The ‘good to catch’ is somewhat worrying and things have not gone well  if you have a horse that does not trust a human approaching it with a head-collar. There could be various reasons why, too many to include here, but all those reasons add up to a whole. This whole has produced an animal that wants nothing to do with you at all. Logic defies me why people then think it’s acceptable to tack such an animal up to ride. There is some work to do here and it does not involve riding.

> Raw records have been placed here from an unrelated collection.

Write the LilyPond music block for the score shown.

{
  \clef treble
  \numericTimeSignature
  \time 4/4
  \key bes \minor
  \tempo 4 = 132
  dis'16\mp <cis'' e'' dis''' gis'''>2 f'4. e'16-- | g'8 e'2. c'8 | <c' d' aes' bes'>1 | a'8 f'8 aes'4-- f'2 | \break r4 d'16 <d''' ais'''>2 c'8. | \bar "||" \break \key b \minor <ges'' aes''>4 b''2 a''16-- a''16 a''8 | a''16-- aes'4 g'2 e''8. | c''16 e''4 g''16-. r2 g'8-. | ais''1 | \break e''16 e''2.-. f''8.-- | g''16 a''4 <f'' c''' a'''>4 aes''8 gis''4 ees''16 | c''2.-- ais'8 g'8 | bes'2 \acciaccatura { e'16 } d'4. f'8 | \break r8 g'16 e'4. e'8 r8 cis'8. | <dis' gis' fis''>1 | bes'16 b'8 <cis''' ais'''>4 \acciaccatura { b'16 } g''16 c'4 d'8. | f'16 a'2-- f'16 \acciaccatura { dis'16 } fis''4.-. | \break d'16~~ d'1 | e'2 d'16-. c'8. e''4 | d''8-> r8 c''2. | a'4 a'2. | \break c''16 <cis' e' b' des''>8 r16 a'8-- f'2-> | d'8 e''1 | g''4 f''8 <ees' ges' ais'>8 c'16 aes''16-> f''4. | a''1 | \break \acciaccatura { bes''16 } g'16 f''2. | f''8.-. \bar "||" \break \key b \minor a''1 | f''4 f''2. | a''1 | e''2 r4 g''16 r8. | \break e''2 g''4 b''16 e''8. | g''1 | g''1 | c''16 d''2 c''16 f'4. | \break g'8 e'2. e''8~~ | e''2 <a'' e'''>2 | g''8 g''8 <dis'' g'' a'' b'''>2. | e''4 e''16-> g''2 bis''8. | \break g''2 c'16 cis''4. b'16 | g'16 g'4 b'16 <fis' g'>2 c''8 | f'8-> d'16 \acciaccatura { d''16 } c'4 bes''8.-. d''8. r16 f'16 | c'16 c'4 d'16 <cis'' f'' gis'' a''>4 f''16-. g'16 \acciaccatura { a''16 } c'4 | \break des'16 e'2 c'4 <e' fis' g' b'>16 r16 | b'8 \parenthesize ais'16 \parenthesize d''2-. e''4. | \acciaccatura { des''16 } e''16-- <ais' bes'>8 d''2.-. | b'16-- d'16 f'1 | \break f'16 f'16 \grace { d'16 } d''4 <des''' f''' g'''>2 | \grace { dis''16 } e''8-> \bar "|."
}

Many adverts contain the same generic information yet no two horses have had exactly the same training and experiences. Never assume an 8 year or 12 year old horse has seen everything, or is experienced in all manner of environments and situations. You may just end up with an equine brain full of incorrect training and faced with undoing 12 years of miscommunication and unpleasant experiences. If all of these adverts contain the same generic information, then what aren’t they telling you? The adverts won’t contain information that includes intermittent lameness and bouts of colic. Or that yes, the horse is great on the road, but avoid garbage collection days, the horse cannot tolerate wheelie bins.

Lastly…100% bombproof? There is no such thing.